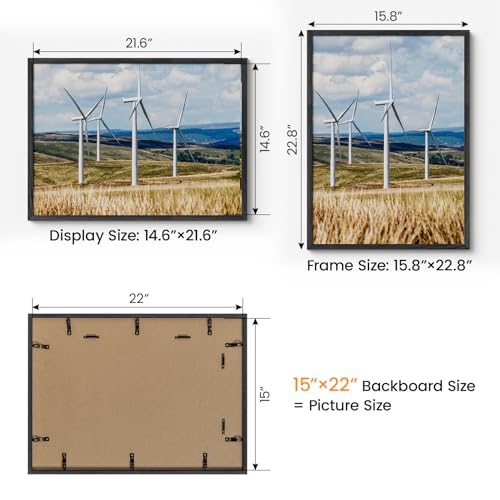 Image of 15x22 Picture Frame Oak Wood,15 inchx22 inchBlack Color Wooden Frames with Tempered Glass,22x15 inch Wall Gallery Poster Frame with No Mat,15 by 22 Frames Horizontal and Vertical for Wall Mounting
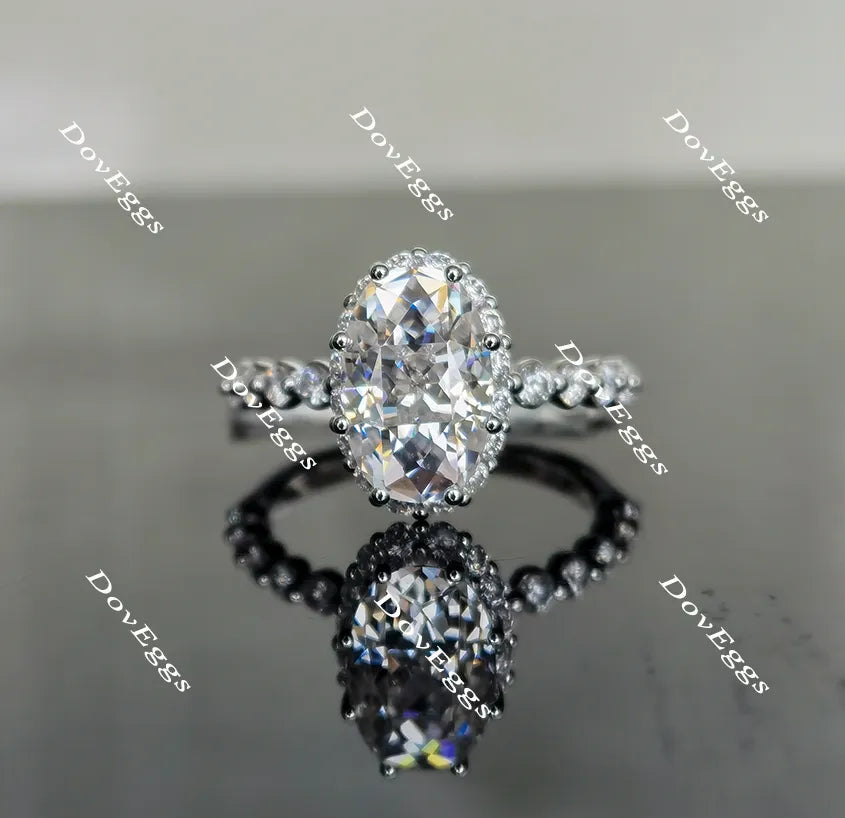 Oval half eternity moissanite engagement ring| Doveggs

* * *

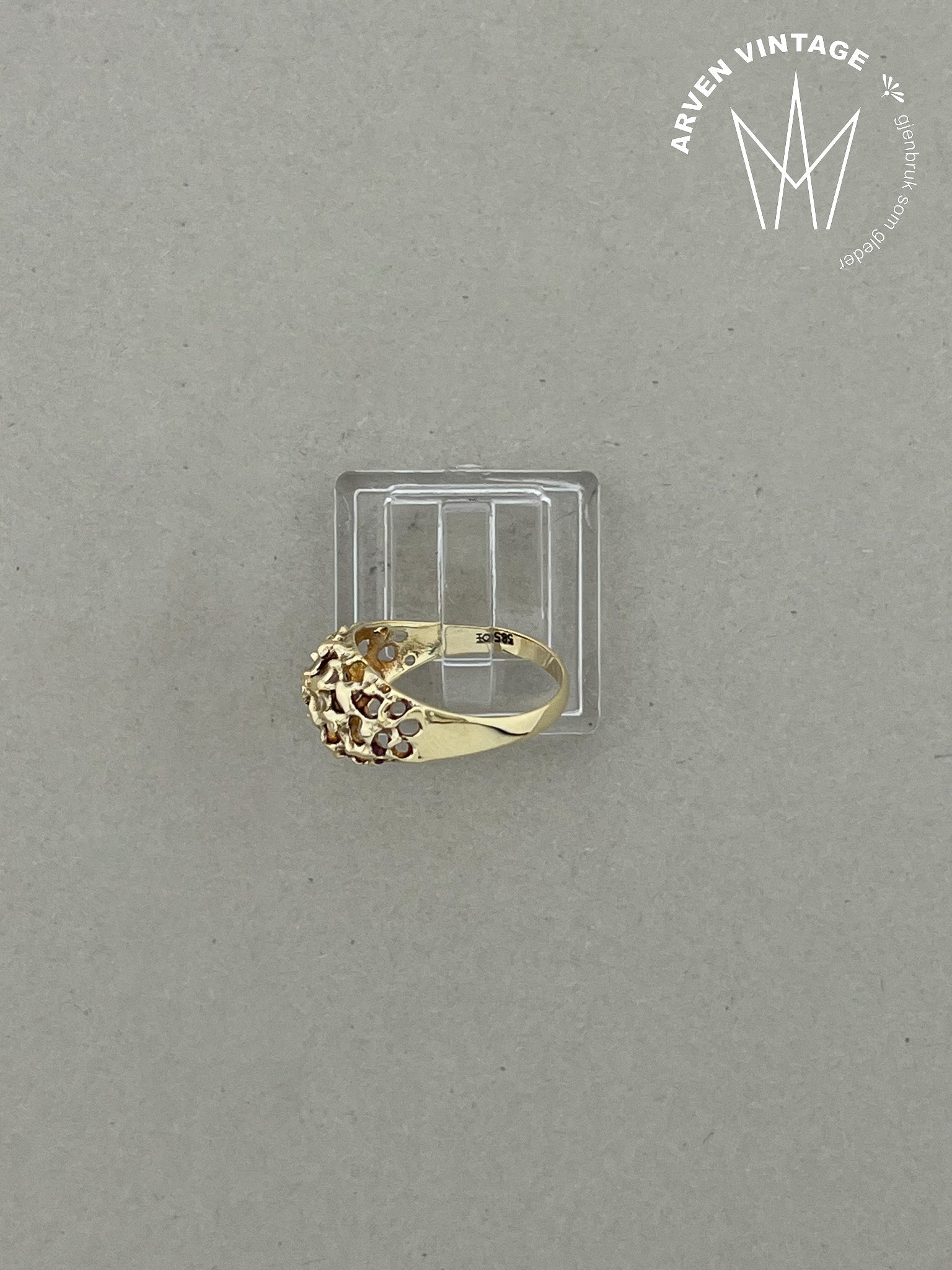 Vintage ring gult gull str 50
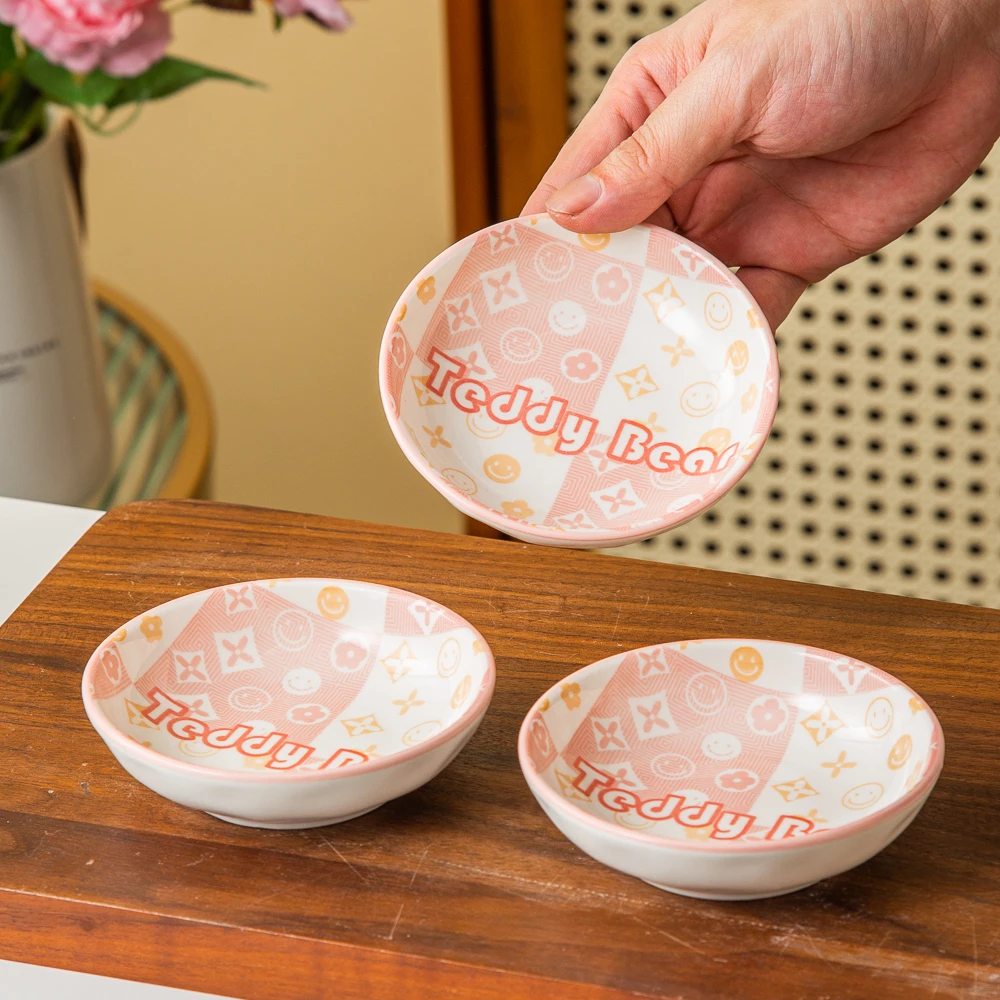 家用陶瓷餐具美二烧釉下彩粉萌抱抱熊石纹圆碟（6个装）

* * *

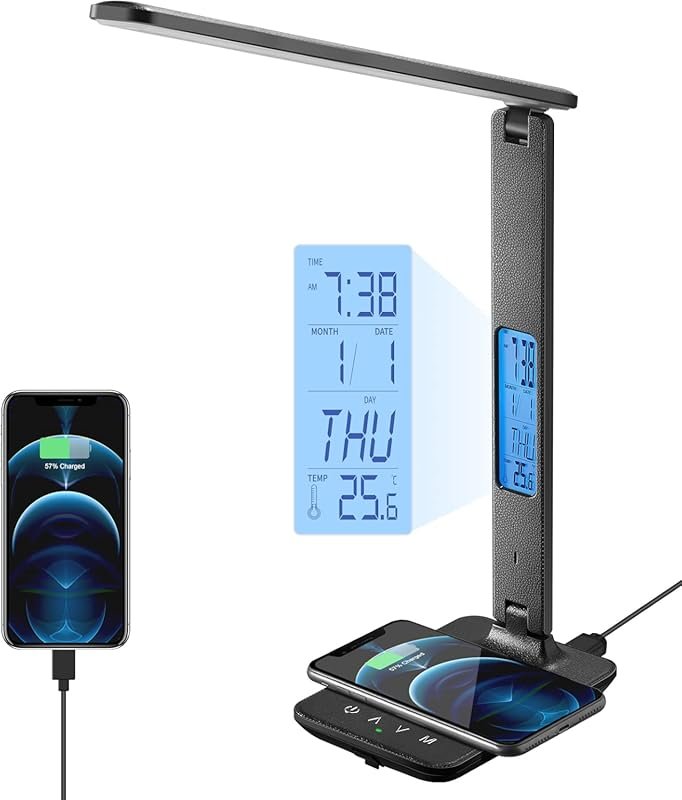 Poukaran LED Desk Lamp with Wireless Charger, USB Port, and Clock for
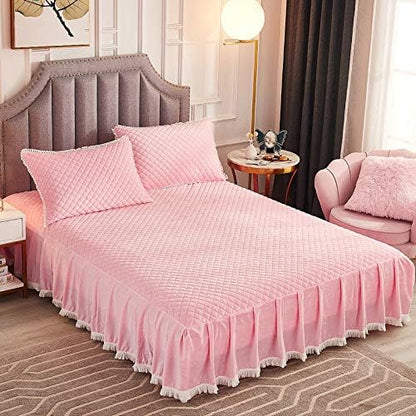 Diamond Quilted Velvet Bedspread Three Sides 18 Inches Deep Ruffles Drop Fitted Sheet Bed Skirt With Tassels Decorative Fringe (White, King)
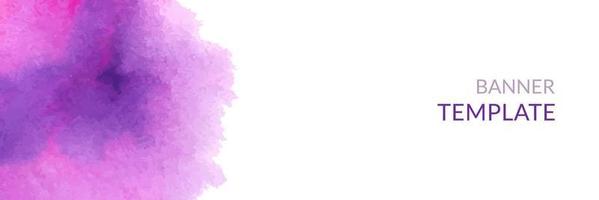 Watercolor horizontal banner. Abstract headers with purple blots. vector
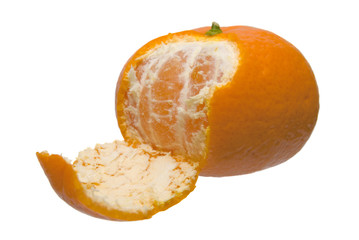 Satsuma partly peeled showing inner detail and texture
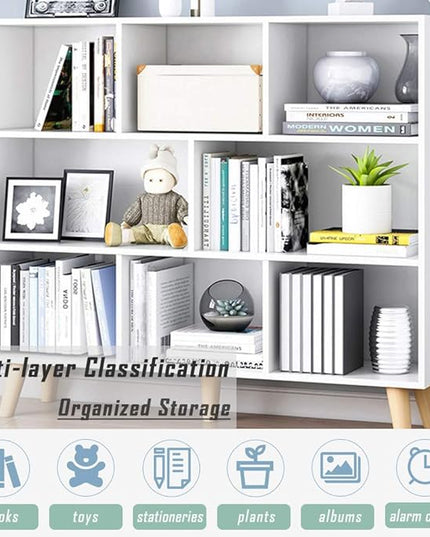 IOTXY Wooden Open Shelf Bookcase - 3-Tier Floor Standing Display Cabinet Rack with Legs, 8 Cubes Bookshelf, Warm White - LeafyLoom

_What is being asked_: Copy out exactly the lines above beginning with the line that contains "Image of 15x22" and finishing with the line that contains "Oval half eternity", including both; leave the pictures out.

_Output of the task_:
 Image of 15x22 Picture Frame Oak Wood,15 inchx22 inchBlack Color Wooden Frames with Tempered Glass,22x15 inch Wall Gallery Poster Frame with No Mat,15 by 22 Frames Horizontal and Vertical for Wall Mounting
 Oval half eternity moissanite engagement ring| Doveggs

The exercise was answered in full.